Jul 22, 2009
ReggieSome thing struck me today, and still a fresh and unmined thought. I will briefly share it with you. Isn’t it remarkable that the old testament was almost completely written and the prophets were just about wrapped up their mission while philosophy and it’s greats were just beginning to come on the scene! This has many profound implications and seems to corroborate our case and that of the Christian apologist that much more. Any thoughts on this or am I swinging at air?
In Him
Yes, and after this the early Church fathers would symbolize the great antithesis between humanistic philosophy and Hebrew prophetism as the conflict between Jerusalem and Athens. As in Tertullian’s famous dictum, “What hath Jerusalem to do with Athens?” This is because Greek / humanistic philosophy begins with man, and from unaided reason alone deduces the existence and perhaps ‘some’ of the attributes of God. Whereas Jerusalem, the symbol of prophetic revelation, begins with God, as a necessary presupposition of all reality, and casts itself in utter dependence on the mercy of God to receive revelation by the Spirit through faith.
Athens believes that reason alone is sufficient to arrive at a conviction of the existence of God as the “unmoved mover,” or cause of all things. And indeed reason is sufficient for this much. But it can proceed no further. This is the limitation that Paul is alluding to Ro 1:18-21 where he shows that there is sufficient evidence in creation to leave humanity without excuse concerning the existence, and also something of God’s divine nature. But this is only enough evidence to make man accountable to his conscience; it is not sufficient to save him. This must come down from above by grace and mercy in the form of divine revelation, as revealed secret (apocalyptic). Paul calls the gospel itself a revealed mystery (Ro 16:25; Eph 6:19). Only such ‘special’ revelation can recreate the heart in saving regeneration (the indispensable ‘without which not’ of all spiritual life).
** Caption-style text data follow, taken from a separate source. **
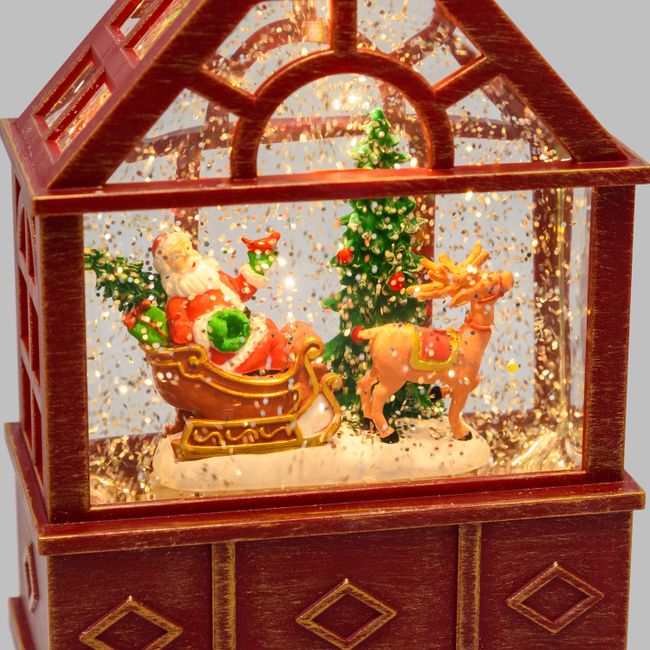 Raz Imports Lanterna Acquatica Con Babbo Natale E Slitta 27,9 Cm – Decorazione Natalizia Con Luci Scintillanti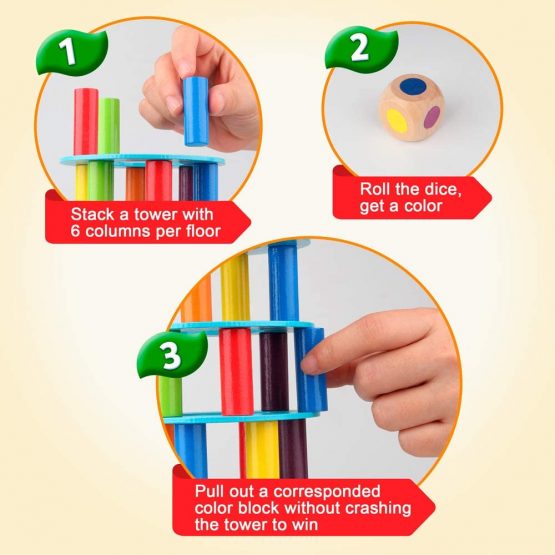 Coogam Wooden Leaning Tower Game - Tumbling Block Toppling Timber Stacking Tower Toy Games Montessori Gift for Kids - Image 3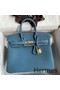 Hermes Birkin 25 Handmade Bag In Blue Jean Clemence Leather Replica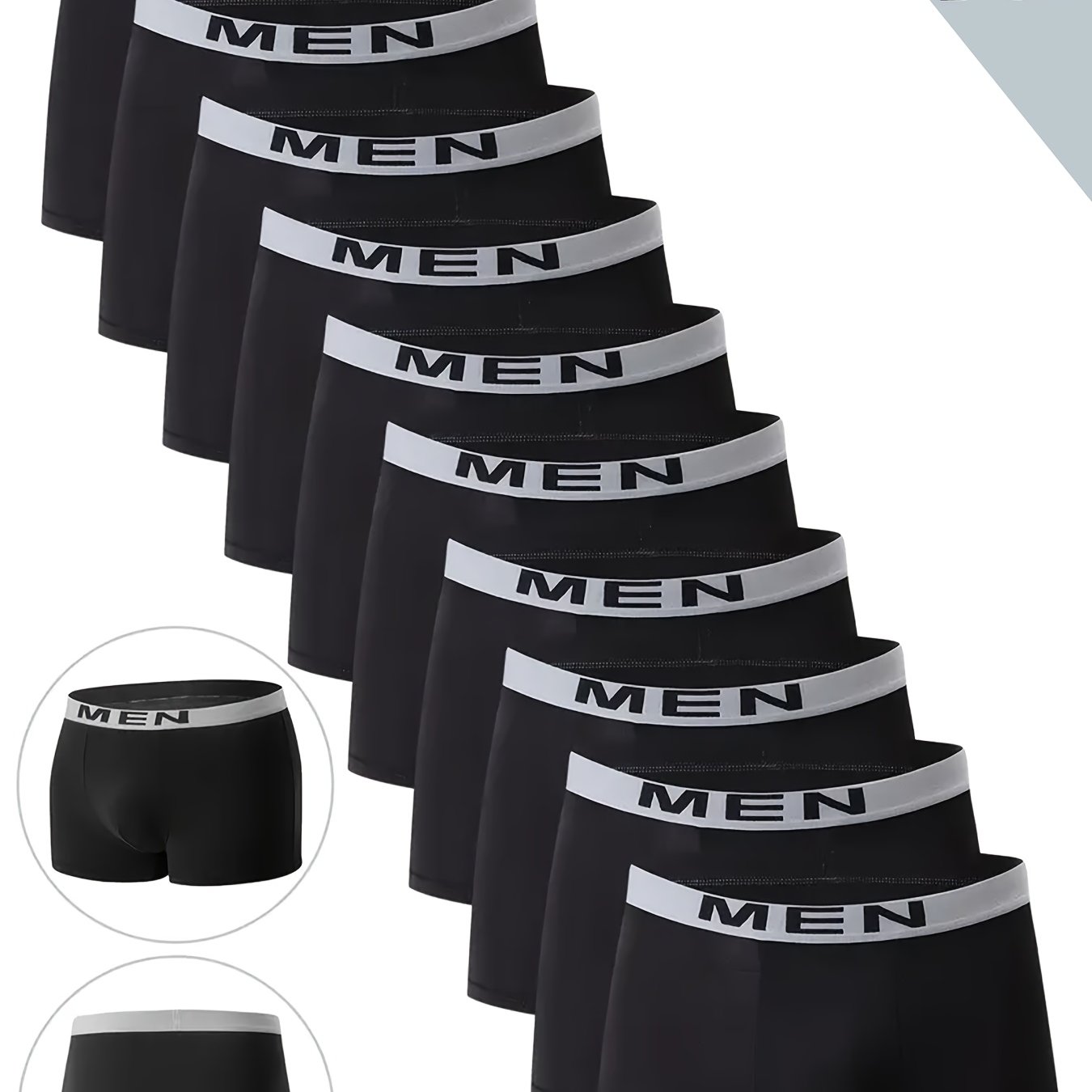 TEMU 10pcs Men's Boxer Briefs, Men's Letter Waistband Boxer Briefs, Stretch Sports Shorts, Men's Casual Briefs Everyday Bottoms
This is the classic distinction between so-called ‘general’ or ‘natural’ revelation and ‘special’ revelation that can only be mediated by the Holy Spirit (the creative ‘breath’ of God).
Such is the limitation that imposes itself on Athens (symbol of autonomous human reason). While Jerusalem, on the other hand, believes that God is personal and personally knowable through the gift (grace) of inspired revelation. The existence of special revelation leads to the evidence of inspired speech. The greatest evidence for the divine source of this kind of the speech is the miracle of prophecy, which vindicates its reality in manifest and historically verifiable fulfillment. Or, as I tell the kids, “You can check it out!” This, I often point out, is God’s own self chosen self defense. I mean proof from prophecy is the particular means that God has chosen to show His identity and sovereignty (see Isa 41:20-23, 26; 42:9; 43:9-10; 44:6-8, 26-28; 45:21; 46:8-10; 48:3-16). Therefore, the evangelist no less than the apologist (believers are both) would do well to follow suite, since the proof of prophecy was the apostolic approach to evangelism as modeled by Jesus, Paul, and the early evangelists (Lk 24:27; Acts 2:17-21; 7:37; 8:30-35; 10:43; 13:33; 15:15; 17:3, 17; 18:4, 19, 28; 19:8-10; 26:22-27; 28:23; esp Ro 16:25-26). When written and canonized, such well proven and documented inspired speech becomes the written Word of God, the Bible. It is the gift of a reliable and mutually accepted basis of authority by which a truth claim can be justified or rejected accordingly. Therefore, the early church did not presume to advance anything that could not be justified by what stood written. Thus there are two paradigms of final authority. Is reason supreme? Or is revelation supreme?
I once wrote a little piece that stated that the entire history of western civilization could be summed up in two related questions. By what standard? And, who decides? The first is the question of authority. Is God there? Has He spoken? This is the beginning of the question of whether such a thing as an inspired and thus authoritative Scripture can exist. The second is the question of interpretation, since only a right interpretation can accurately represent the authority of the spoken Word.